What evidence do police need?

Police need the bully’s username and profile URL, the harassing messages with timestamps, proof the content is authentic (forensic captures, not screenshots), a timeline showing a pattern of behavior, and any witnesses.

Can my child use ProofSnap?

Yes. A parent can install ProofSnap in Chrome and help the child capture evidence from web versions of WhatsApp, Instagram, Discord, TikTok, and other platforms. It takes about 10 seconds per capture.

What about workplace cyberbullying?

The same process applies. Capture harassing emails (open in Chrome webmail), Slack or Teams messages (open web versions), and any social media harassment. ProofSnap runs locally in your browser — your employer cannot see what you capture.

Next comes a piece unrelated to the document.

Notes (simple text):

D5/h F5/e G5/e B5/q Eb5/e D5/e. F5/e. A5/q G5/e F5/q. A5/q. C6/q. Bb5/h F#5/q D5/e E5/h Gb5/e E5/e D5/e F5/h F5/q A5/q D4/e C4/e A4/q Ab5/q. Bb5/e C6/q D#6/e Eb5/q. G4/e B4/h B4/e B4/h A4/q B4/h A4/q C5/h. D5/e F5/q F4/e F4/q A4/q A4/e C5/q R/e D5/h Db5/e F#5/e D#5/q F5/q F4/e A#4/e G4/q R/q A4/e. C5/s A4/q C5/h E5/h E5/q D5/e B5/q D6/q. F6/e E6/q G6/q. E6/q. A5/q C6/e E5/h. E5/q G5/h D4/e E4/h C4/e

Forensic evidence is critical for HR complaints, wrongful termination cases, and employment tribunal proceedings (UK, AU Fair Work Commission, NZ Employment Relations Authority).

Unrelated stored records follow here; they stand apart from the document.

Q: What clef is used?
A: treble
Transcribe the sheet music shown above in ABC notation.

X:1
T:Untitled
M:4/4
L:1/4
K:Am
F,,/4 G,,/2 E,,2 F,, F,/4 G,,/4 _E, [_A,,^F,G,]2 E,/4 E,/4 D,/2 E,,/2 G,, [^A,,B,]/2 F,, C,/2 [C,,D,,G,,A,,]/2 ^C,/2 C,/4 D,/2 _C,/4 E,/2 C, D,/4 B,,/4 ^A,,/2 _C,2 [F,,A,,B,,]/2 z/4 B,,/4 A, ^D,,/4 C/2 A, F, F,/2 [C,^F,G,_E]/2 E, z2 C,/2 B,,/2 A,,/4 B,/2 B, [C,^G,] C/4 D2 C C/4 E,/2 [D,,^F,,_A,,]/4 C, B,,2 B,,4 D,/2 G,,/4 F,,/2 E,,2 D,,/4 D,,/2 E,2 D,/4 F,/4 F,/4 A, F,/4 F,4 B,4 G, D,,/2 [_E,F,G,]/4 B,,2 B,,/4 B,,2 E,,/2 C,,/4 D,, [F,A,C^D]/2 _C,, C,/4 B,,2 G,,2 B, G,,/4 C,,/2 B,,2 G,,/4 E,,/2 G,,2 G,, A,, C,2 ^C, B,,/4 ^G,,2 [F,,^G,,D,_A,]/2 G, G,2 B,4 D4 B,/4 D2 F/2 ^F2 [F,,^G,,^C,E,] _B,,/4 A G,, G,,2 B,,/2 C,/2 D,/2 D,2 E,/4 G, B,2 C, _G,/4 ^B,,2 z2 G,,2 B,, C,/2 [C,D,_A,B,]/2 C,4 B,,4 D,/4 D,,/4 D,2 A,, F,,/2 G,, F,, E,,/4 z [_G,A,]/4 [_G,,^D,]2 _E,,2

Evidence capture checklist

  • Bully’s profile page (username, photo, bio)
  • Every harassing message or post (full conversation, not just highlights)
  • Group chats where bullying occurred
  • Public comments or replies
  • Any fake or impersonation accounts
  • Stories or disappearing content (capture within 24 hours)
  • Timeline log with dates and descriptions of each incident
  • Your own profile page (to prove your identity as the victim)
  • Names of witnesses who saw the bullying

Sources & references

Important Notice: This article is for informational purposes only and does not constitute legal advice. While the content has been carefully researched using official government and academic sources, it makes no claim of completeness or timeliness. For legal questions specific to your situation, consult a licensed attorney in your jurisdiction. ProofSnap assumes no liability for decisions made based on this article. Cyberbullying laws and legal standards vary by jurisdiction and may change — always verify current guidelines with your local authorities.